Aku Bersyukur Tuhan Telah Mempertemukan Kita.

Aku sangat bersyukur ketika Tuhan menghadirkan kamu dalam kehidupan ku. Tapi aku tidak pernah tahu apakah ini sebuah takdir atau hanya sebatas ujian yang mampir dalam hidup ku.

Aku mungkin egois terlalu merajuk kepada kamu, aku juga egois selalu membawa keluh kesah ku kepada kamu. Aku sudah terlalu nyaman sama kamu. Dan aku bersyukur kamu menerima aku apa adanya, juga masing-masing keluarga pun sangat mendukung hubungan kita. Itu yang membuat aku bahagia dan sangat sayang kepada mu sehingga sulit rasanya aku untuk kehilangan dirimu.

 

Namun Aku Tidak Pernah Ada Dalam Masa Depan Mu.

Advertisement

Saat pertama kita menjalin hubungan,aku sangat yakin akan pilihan aku kepada kamu. Maka tanpa pikir panjang, aku sudah memutuskan untuk berkomitmen.

Aku selalu mengajak kamu berjuang bersama dari nol, saling menyemangati untuk meniti kesuksesan bersama, dan aku juga selalu mengajak kamu sama-sama menabung untuk masa depan kita bersama. Karena aku sudah terlalu serius untuk hubungan ini. Dan kita pun sepakat untuk lalui itu semua bersama.

Namun betapa terkejutnya aku, entah apa yang membuat kamu berubah pikiran sehingga kamu menyatakan bahwa  kamu belum terpikir untuk berkomitmen. Mungkin aku terlalu gegabah, sehingga akhirnya hanya luka yang aku dapatkan.

 

Mungkin Kita Memang Berbeda Prinsip Dan Tujuan

Hubungan kita sudah memasuki tahun ketiga, tapi kamu meminta aku untuk menunggu lagi enam tahun lamanya. Ya Tuhan, sembilan tahun dalam penantian apakah aku mampu ? mengingat aku wanita yang usia nya sudah memasuki  ¼ abad.

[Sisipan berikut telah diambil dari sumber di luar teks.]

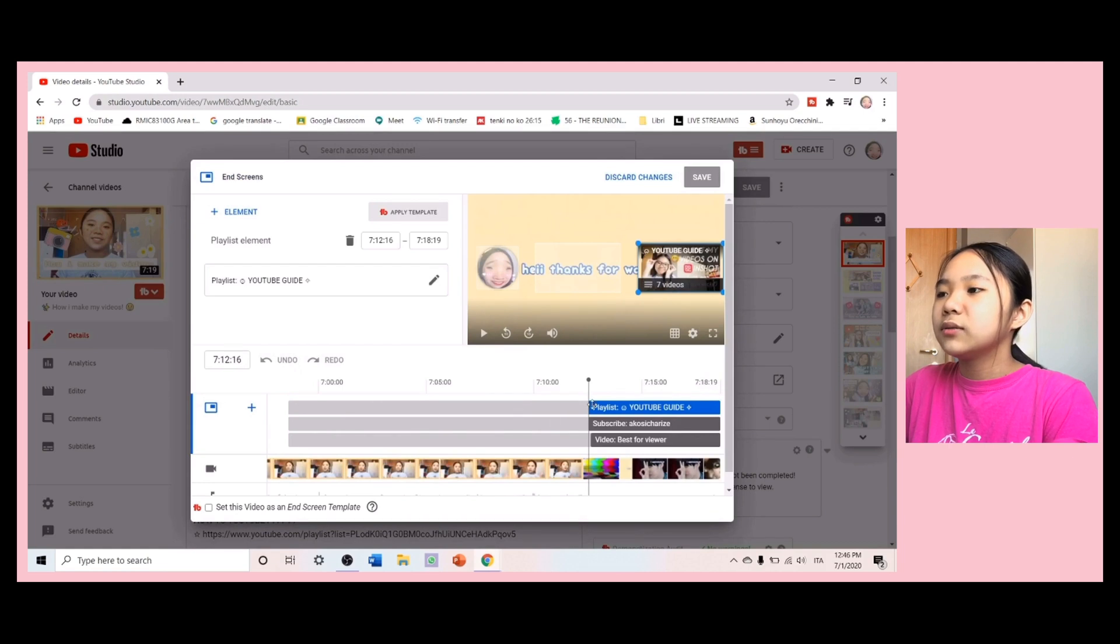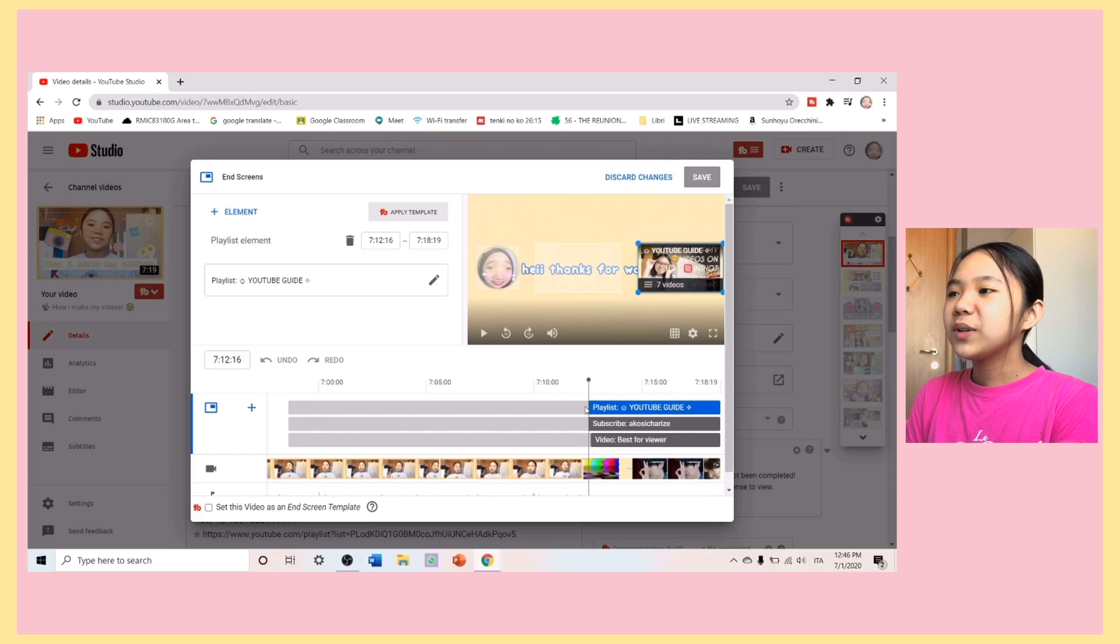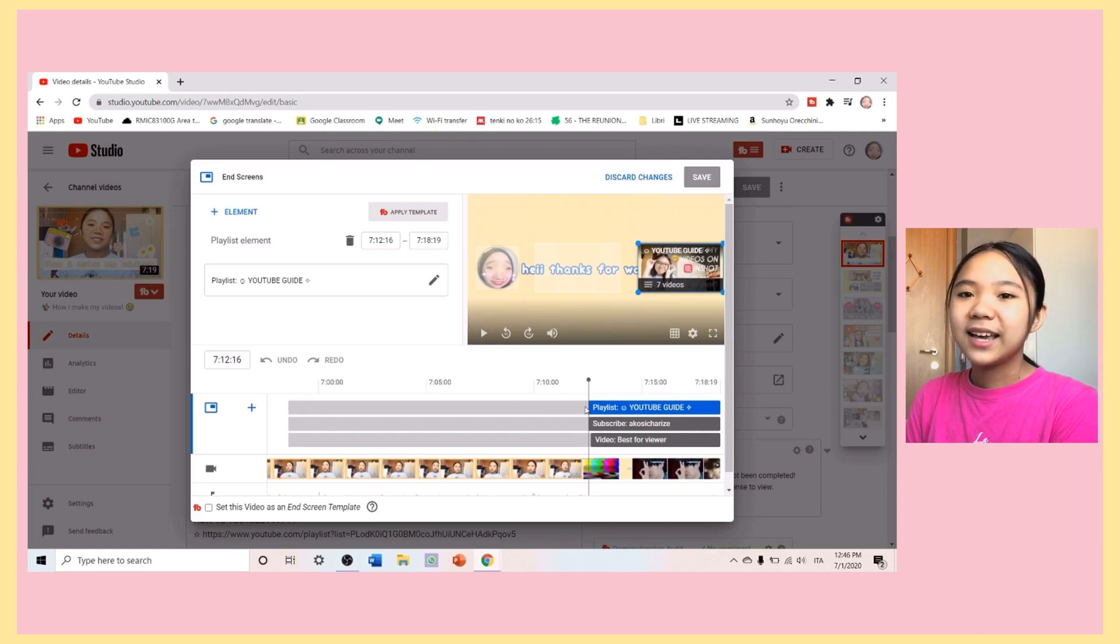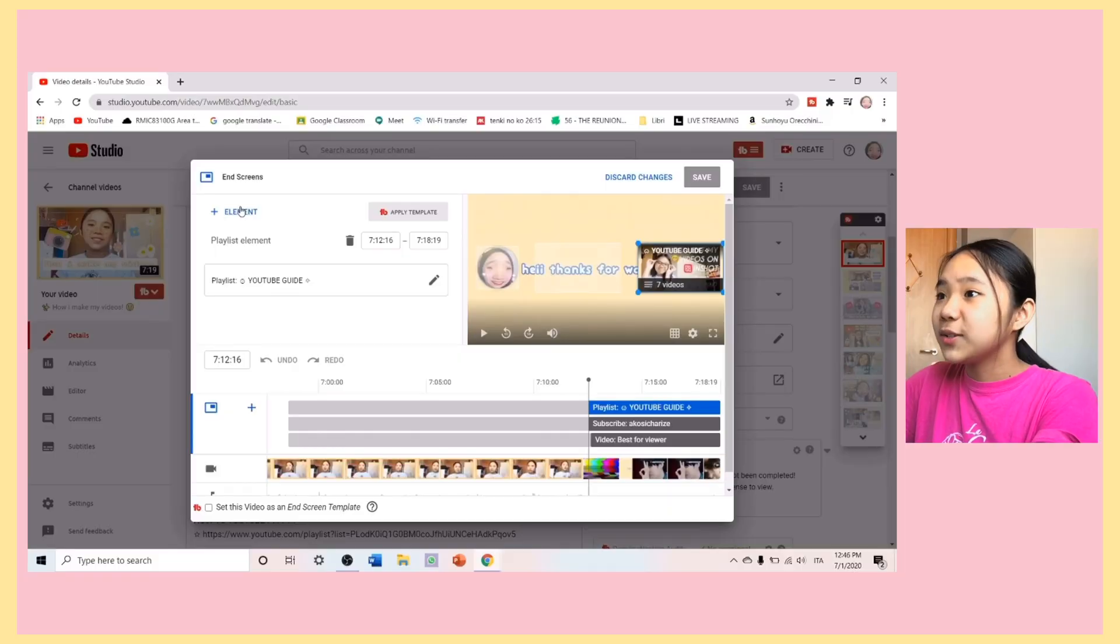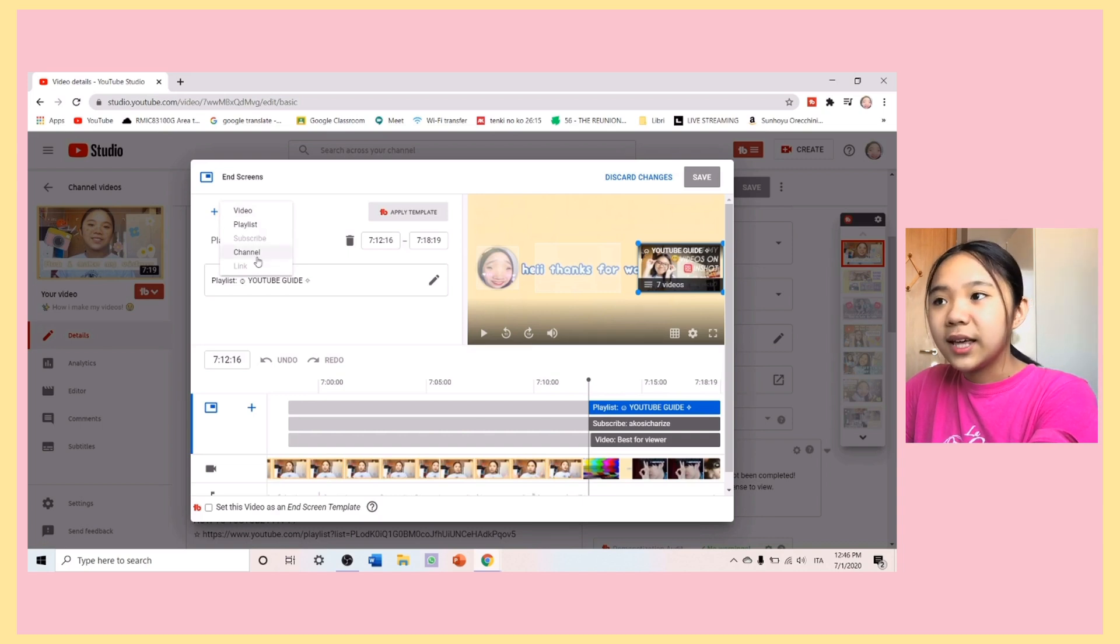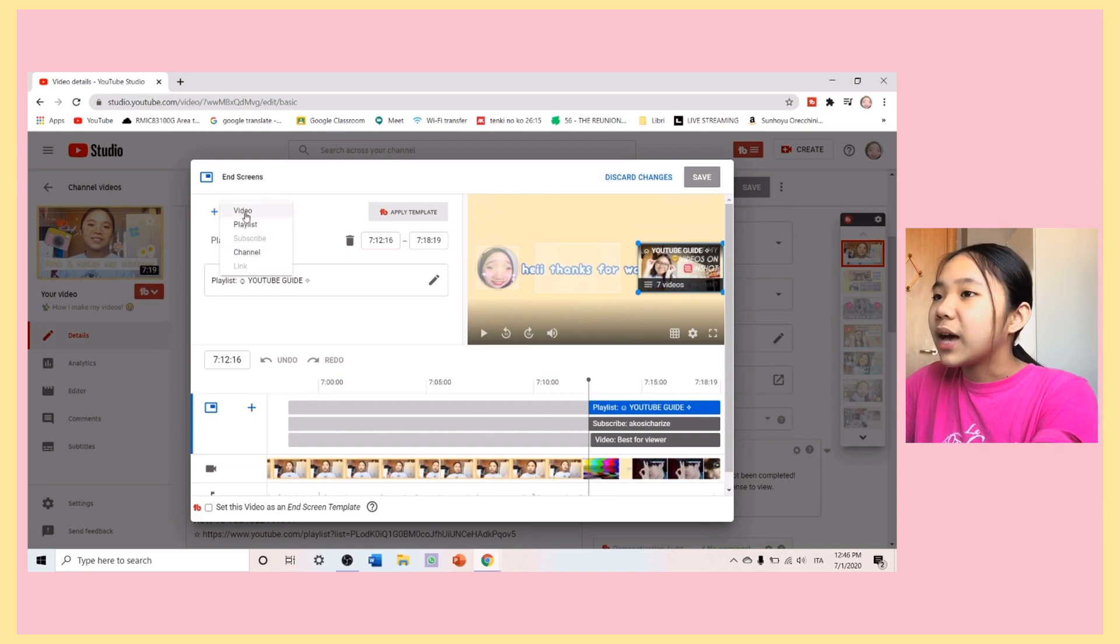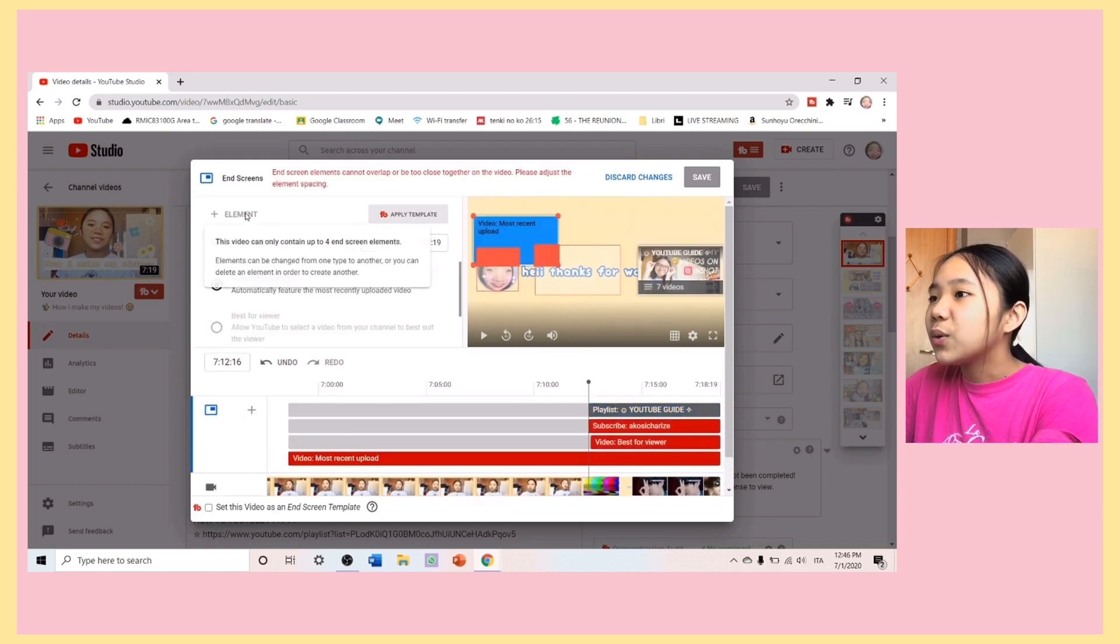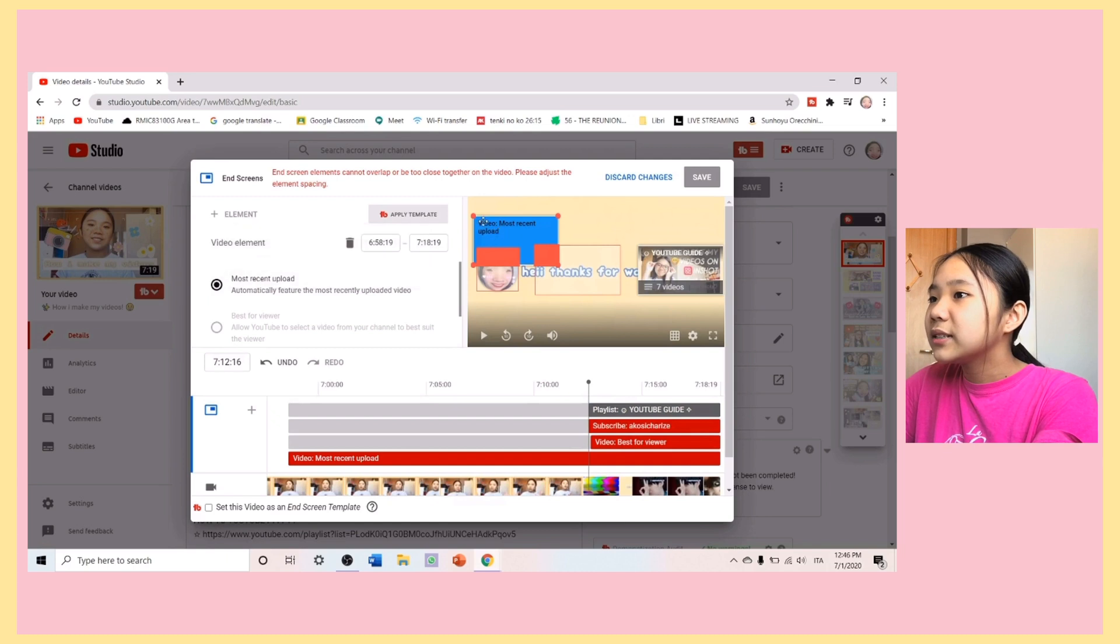Just, you... That! So, I normally put the end screen at the end. Of course. What you do, you just click on Plus Element, and then, you just add a video or a playlist.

Jujur aku masih bimbang. Hati berkata untuk lanjut, namun logika berpikir pacaran terlalu lama takut akan ada rasa bosan dan takut kamu pun tidak tahan sama aku. Hati manusia siapa yang tahu, bisa berubah seiring waktu berjalan, apalagi kamu pun menjalinanya belum dengan komitmen.

Bukan aku tidak mau setia menunggu mu dan bukan aku meminta buru-buru untuk menikah, aku hanya berharap untuk tidak selama itu. Dari awal pun aku selalu mengajak untuk kita sama-sama berjuang, tapi apakah baik jika pacaran terlalu lama ?

Bukan masalah restu, ibu mu memang merestui hubungan ini tapi tidak untuk terlalu cepat berkomitmen. Yah aku berpikir positif, mungkin ibu mu belum siap melepas anaknya untuk menjalani hidup bersama orang lain.

 

Aku Mencoba Untuk Ikhlas.

Aku memang terlalu berharap. Rasa sayang ku kepada mu mengalahkan segalanya. Dan sekarang aku tak bisa berbuat banyak, harapan ku pun sudah merubah segalanya. Sudah membuat kamu ragu untuk melanjutkan. Egois jika aku masih berharap untuk melanjutkan hubungan ini, yang sebenarnya kamu pun sudah tidak mau. Mungkin ini hanya soal waktu agar aku dapat seratus persen mengikhlaskan keputusan kamu.

Dan yang membuat aku tak terlalu terpuruk, saat ibu mu mengatakan untuk tidak memutuskan silaturahmi karna beliau sudah menganggap aku seperti anaknya sendiri. Yah, aku harap semoga kamu masih punya itikad baik untuk itu walau hanya sebatas pertemanan. Aku rasa inilah sikap dewasa kita, agar tidak ada hati yang saling membenci. Biarlah semua kebersamaan yang telah kita lalui menjadi kenangan. Terimakasih atas semua hal indah yang telah kamu berikan. Semoga semua mimpi-mimpi mu tercapai.

Segalanya sudah diatur oleh Tuhan pembuat skenario terbaik, hidup, mati, rejeki termasuk jodoh pun sudah menjadi rahasia Tuhan. Aku hanya berpikir positif, semua ada hikmahnya mungkin Tuhan cemburu karena aku terlalu memprioritaskan dirimu. Tuhan ingin aku lebih mendekatkan diri Kepada-Nya dan mengingatkan aku untuk lebih memprioritaskan keluarga ku sendiri.